P. R. Holland,The Quantum Theory of Motion: An Account of the de Broglie-Bohm Causal
Interpretation of Quantum Mechanics (Cambridge University Press, Cambridge, 1993).
 
  • #119
Another from Physicsmonkey!
http://arxiv.org/abs/1308.3234
Entanglement entropy of compressible holographic matter: loop corrections from bulk fermions
Brian Swingle, Liza Huijse, Subir Sachdev
(Submitted on 14 Aug 2013)
Entanglement entropy is a useful probe of compressible quantum matter because it can detect the existence of Fermi surfaces, both of microscopic fermionic degrees of freedom and of "hidden" gauge charged fermions. Much recent attention has focused on holographic efforts to model strongly interacting compressible matter of interest for condensed matter physics. We complete the entanglement analysis initiated in Huijse et al., Phys. Rev. B 85, 035121 (2012) (arXiv:1112.0573) and Ogawa et al., JHEP 1, 125 (2012) (arXiv:1111.1023) using the recent proposal of Faulkner et al. (arXiv:1307.2892) to analyze the entanglement entropy of the visible fermions which arises from bulk loop corrections. We find perfect agreement between holographic and field theoretic calculations.
10 pages, 4 figures

The key paper built on here is by Faulkner Lewkowycz Maldacena (2013), their reference [34].

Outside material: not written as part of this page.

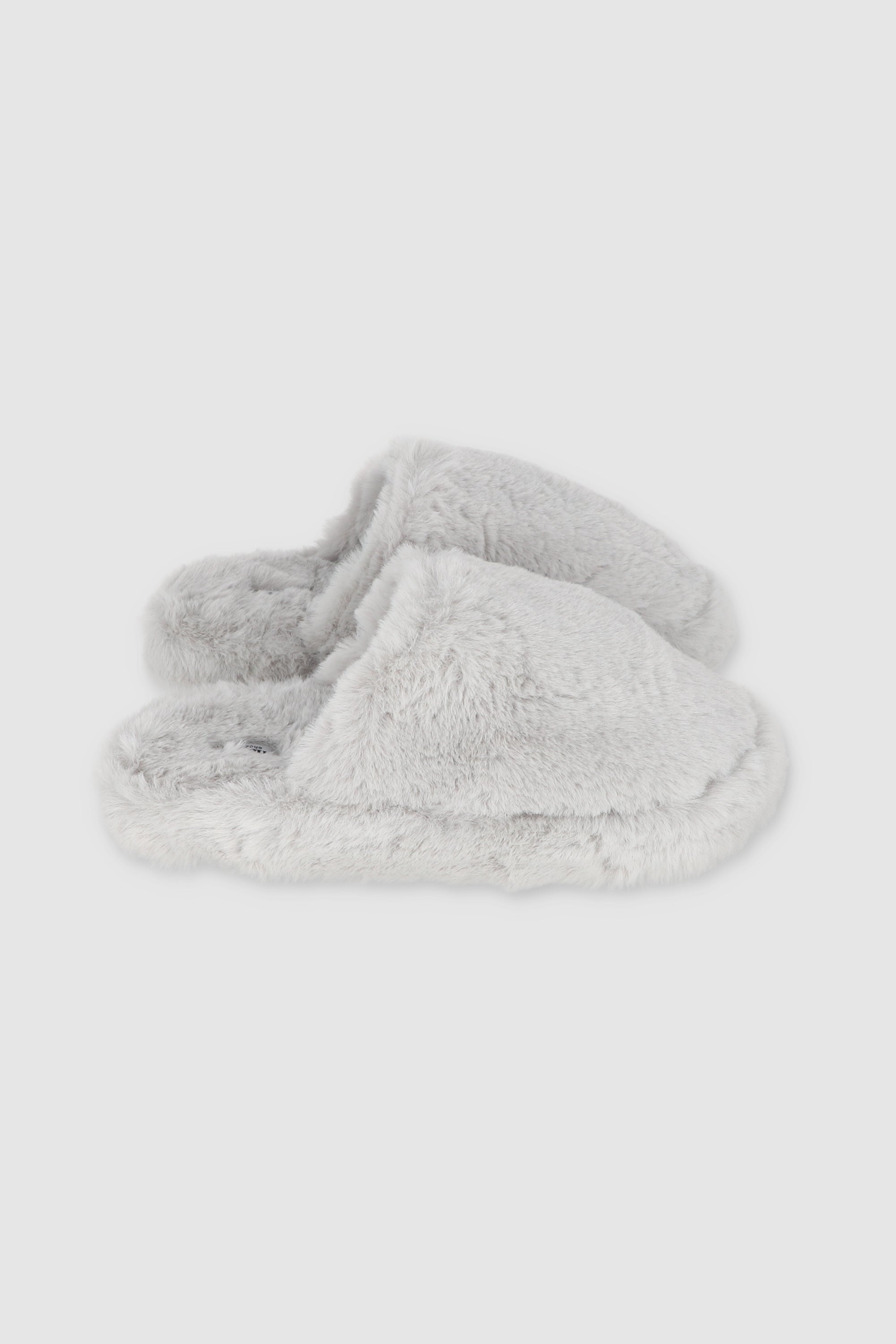 Pantuflas Suaves Peluche GRIS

Page 2: "Thus our results provide a very clean test of the proposed loop correction in Ref. [34]."

Incidentally they also reference [41] Bianchi Myers (2012) at one point as an earlier paper arguing along similar lines.
Page 3: "More recently still, Ref. [34] argued that the picture of quantum corrections around black hole geometries also generalized to the minimal surface situation. See also Ref. [41] for a similar earlier argument."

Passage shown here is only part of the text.